Long, uncut noodles are a symbol of a long life.
Eating sweet rice balls is believed to bring family unity.
Displaying and eating tangerines and oranges is believed to bring good luck and fortune.
SoCal Lunar New Year Celebrations
Disney California Adventure Park
1313 Disneyland Drive,
Anaheim, CA 92802
Celebrate the Year of the Rabbit at Disney California Adventure Park from Jan. 20 through Feb. 15. This joyous celebration commemorates traditions of Chinese, Korean and Vietnamese cultures, with Disney characters featuring Mulan, Mushu, Mickey Mouse and Minnie Mouse in their festive attire, plus “Mulan’s Lunar New Year Procession,” two new culinary marketplaces (for a total of six), kid-friendly crafts, the Lucky Wishes Wall, and the return of “Hurry Home – Lunar New Year Celebration” presented prior to “World of Color.”

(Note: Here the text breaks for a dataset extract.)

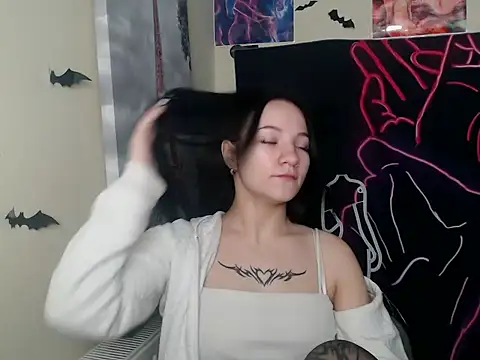 Em7MaA online show from December 3, 2025, 7:08 am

LA Zoo Lights and Lunar New Year
Los Angeles Zoo and Botanical Gardens
5333 Zoo Drive,
Los Angeles, CA 90027
The Los Angeles Zoo is celebrating Lunar New Year as part of its L.A. Zoo Lights: Animals Aglow event. Friday, Saturday and Sunday night, through Jan. 22 the Zoo will host special activities including a glow-in-the-dark dragon dance parade, lion dance show, kung fu showcase and acrobatics, fan dancers, calligraphy, a Wall of Well Wishes, food trucks and more.

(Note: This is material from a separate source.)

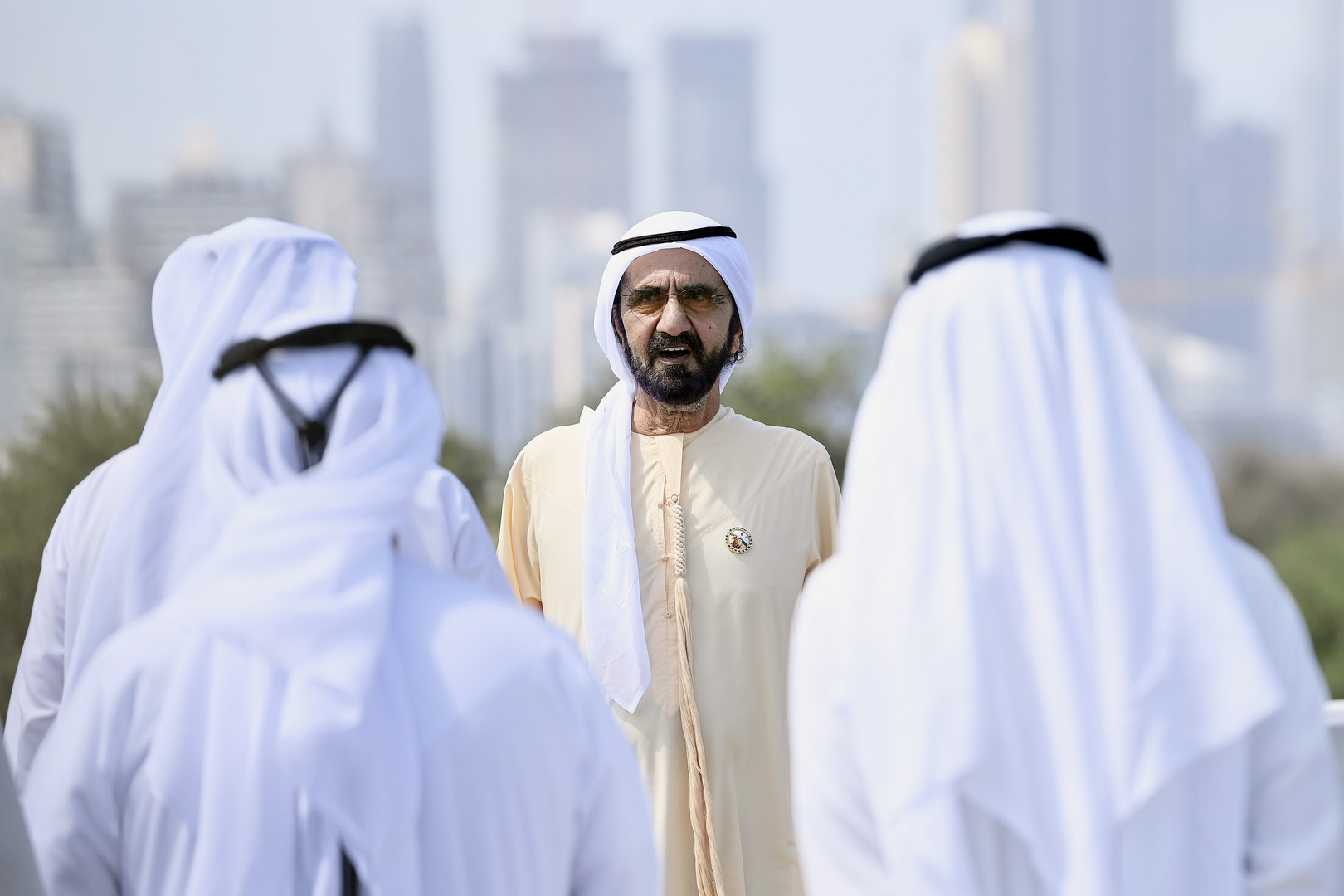 محمد بن راشد يصدر قانونا حول شعار إمارة دبي (صورة)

Golden Dragon Lunar New Year Parade
Starting at Broadway and ending at Hill Street, Los Angeles, CA 90012
The 124th Golden Dragon Parade will be held Jan. 28 from 1 p.m. to 5 p.m. presented by the Chinese Chamber of Commerce of Los Angeles. This colorful celebration along North Broadway in Chinatown has become the premiere cultural event in the Southern California Asian-American community. The Golden Dragon Parade remains the longest-running Lunar New Year parade outside China. The parade initially started in the late 1800s as a government response to help bridge racial divides and invoke greater understanding for the Chinese immigrants who came to Los Angeles.

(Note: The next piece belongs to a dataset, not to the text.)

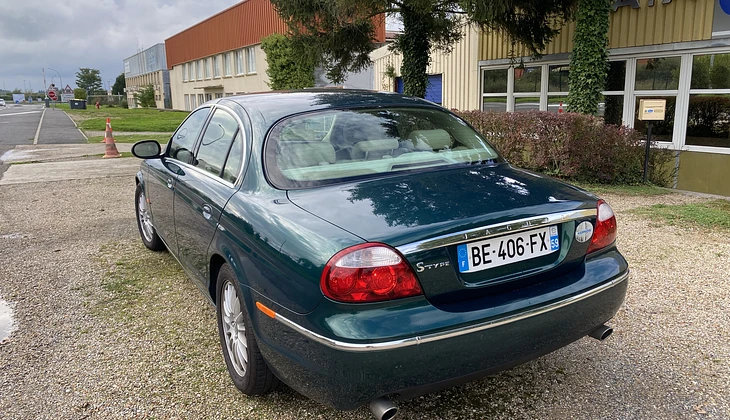 location-JAGUAR-La Celle-Saint-Cloud-roadstr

O.C. Lantern Festival 2023
Renée and Henry Segerstrom Concert Hall
615 Town Center Drive,
Costa Mesa, CA 92626
Free family event Feb. 18 11 a.m. to 4 p.m. The Lantern Festival, which can be traced back 2,000 years, marks the return of spring and the reunion of family. The act of lighting and appreciating lanterns is a way for people to let go of the burdens of their old selves and express their best wishes for themselves and their families for the future.
Pacific Symphony and South Coast Chinese Cultural Center/Irvine Chinese School join in presenting this free family-friendly festival with music, dance, art making, riddles and food.
Admission is free, but tickets are required. Select General Admission $0.00 ticket when asked to choose your seating section.